Rompiendo Esquemas-crecimiento cristiano sostenible 3era parte

Comportamientos, Reacciones y Respuestas

Los seres humanos descubren e interactuan con el mundo que les rodea como resultado de una educación inicial en sus primeras experiencias. Desde ahí se comienza a construir sus propias estructuras mentales, que representan y a la vez interpretan el entorno que les rodea. En ocasiones se quiere hacer creer que los comportamientos, reacciones y respuestas a los diferentes escenarios que presenta la vida surgen de un vacío. ¡Nada surge del vacío! Las estructuras mentales que se han ido construyendo durante los años son las responsables de esto. Estos escenarios se producen en la casa, en el trabajo, en la escuela, en la vida cristiana, en el ministerio y en todo lugar donde interactuamos con los demás.

Hay una corriente de pensamientos, emociones y pasiones que están activos en una persona, sin que el consciente se dé cuenta; ejercen una influencia sobre su conducta, y muchas veces, hasta engañan”. Los mecanismos de defensa están presentes en todos los seres humanos y ejercen una influencia marcada sobre el comportamiento humano. Son aquellos mecanismos, principalmente inconscientes que los individuos emplean para defenderse de emociones o pensamientos que producirían ansiedad, sentimientos depresivos o una herida en la auto-estima si llegasen a la consciencia.  

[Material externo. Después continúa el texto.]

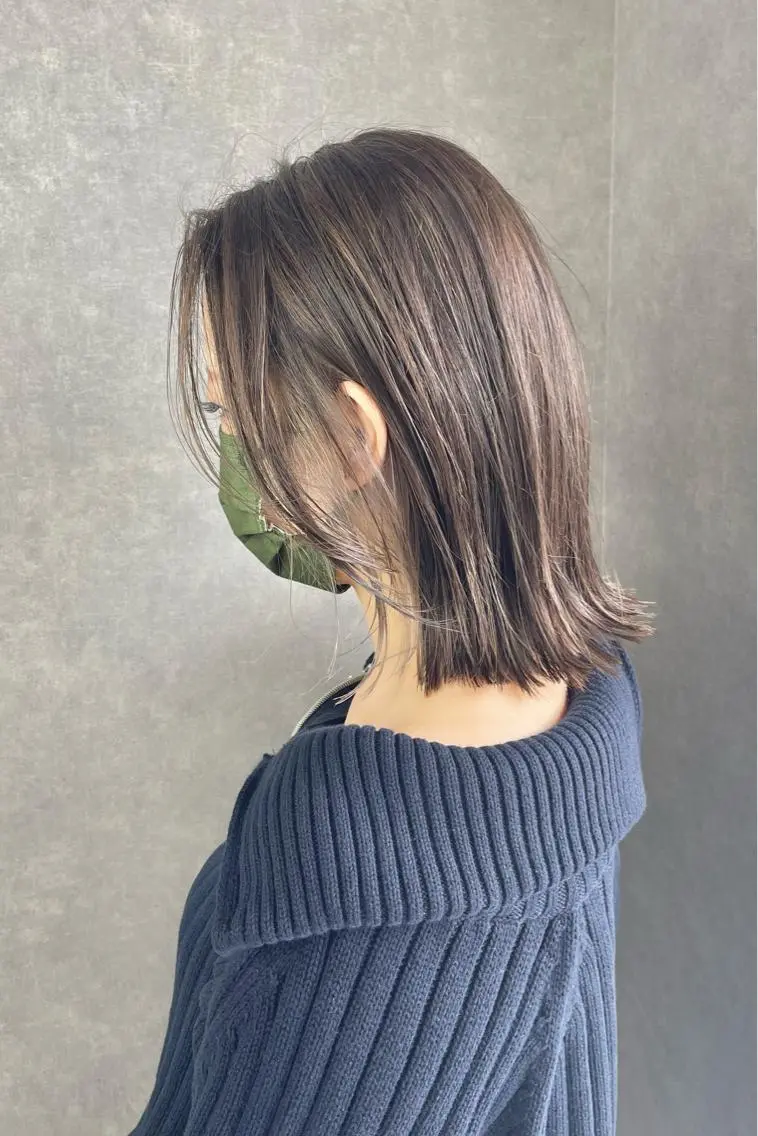 ミディアム カラー カット ヘアカラー トリートメント 一ノ瀬 暁のヘアスタイル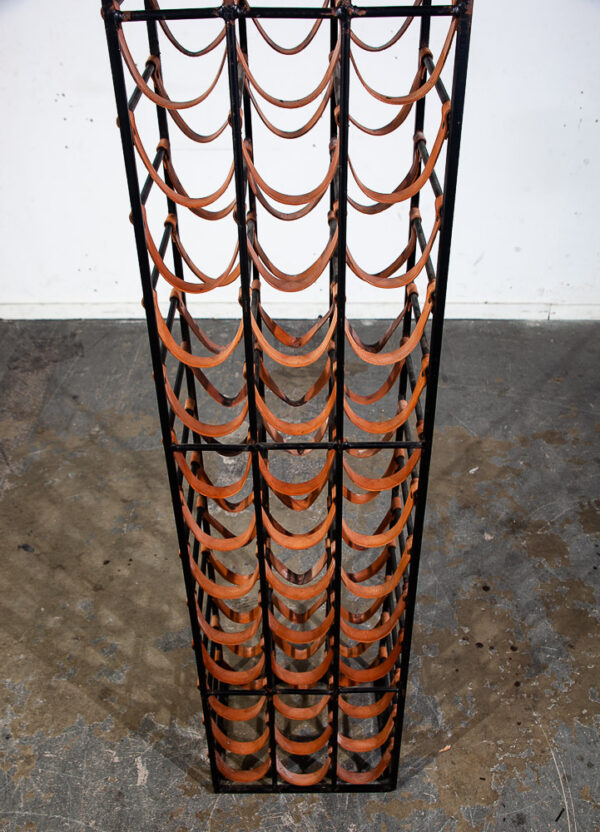 Mid Century Modern Wine Rack Arthur Umanoff Wrought Iron Leather Straps Wood Vintage 48 Bottles - Image 3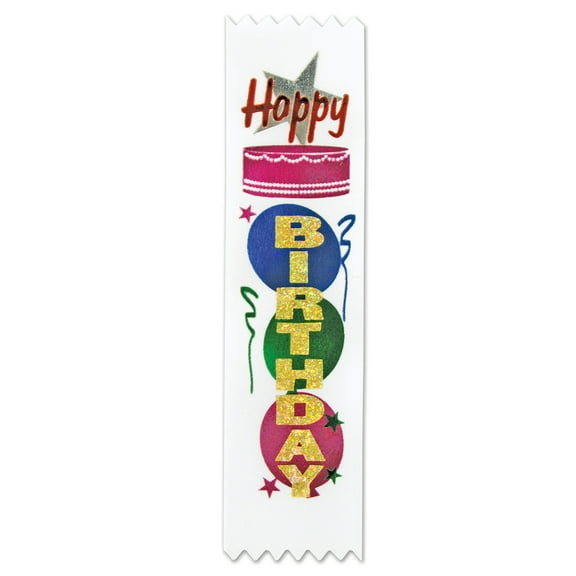 Beistle Pack of 30 White “Happy Birthday” Celebration Party Favor Ribbons 6.25"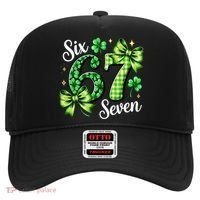 Six Seven Lucky Numbers Shamrock 67 St Patricks Day Hat thumb 0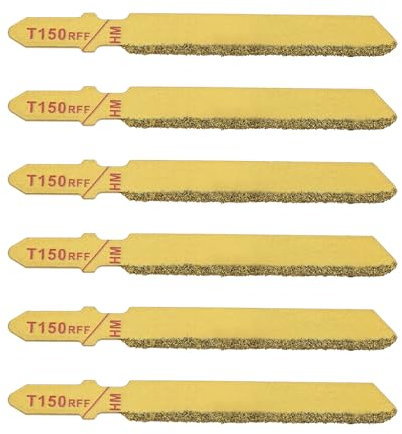 Briny River 6PCS T150RFF T-Shank Blades Length 76mm Tooth Length 54mm 50 Grit Carbide Grain Tile Cutting Tool Carbide-Tipped Blades for Cutting Granite Marble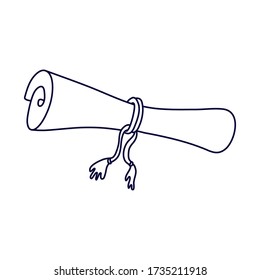 Scroll tied with a rope in doodle style. Hand drawn vector illustration in black ink isolated on white background. Great for coloring book.
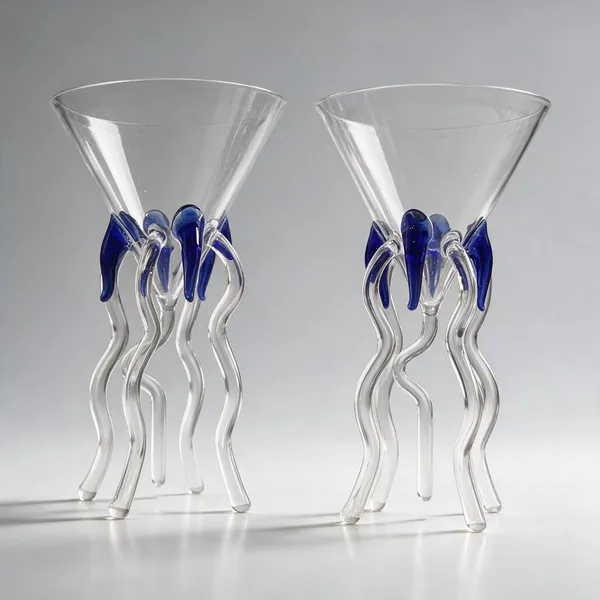 Cerrora_Borosilicate_Blue_Octopus_Arms_Glass_Set_Of_2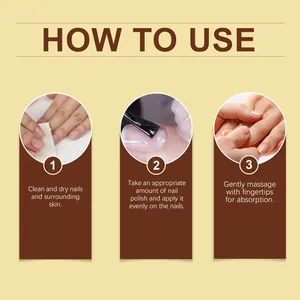 How to use guide for jojoba nail care oil showing three application steps.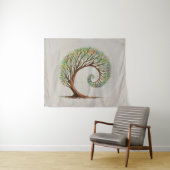 Tenture Croissance éternelle - Golden Ratio Arbre Spiral (En situation (horizontale))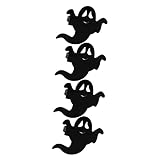 SWOOMEY 4pcs Ghost Napkin Rings Decorative Napkin Holder Ghost Napkin Buckles Serviette Rings Halloween Napkin Holders Metal Napkin Rings Table Napkin Bands Accessories Alloy Round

Uno de los grandes ámbitos de la psicología es el estudio de la personalidad. Desde ahí los investigadores de la ciencia del comportamiento utilizan conceptos relativamente abstractos para clasificar y describir los patrones de conducta de las personas. Sin embargo, a la hora de buscar maneras de clasificar y describir el estilo de comportamiento y pensamiento de los seres humanos, no solo se ha hablado sobre la personalidad. Hay otro concepto que a lo largo de la historia, también se ha utilizado para intentar captar las particularidades de cada persona. Este concepto se llama temperamento, el cual intenta dar cuenta de esas inclinaciones y tendencias de cada uno que son más fijas, invariables y difíciles de cambiar.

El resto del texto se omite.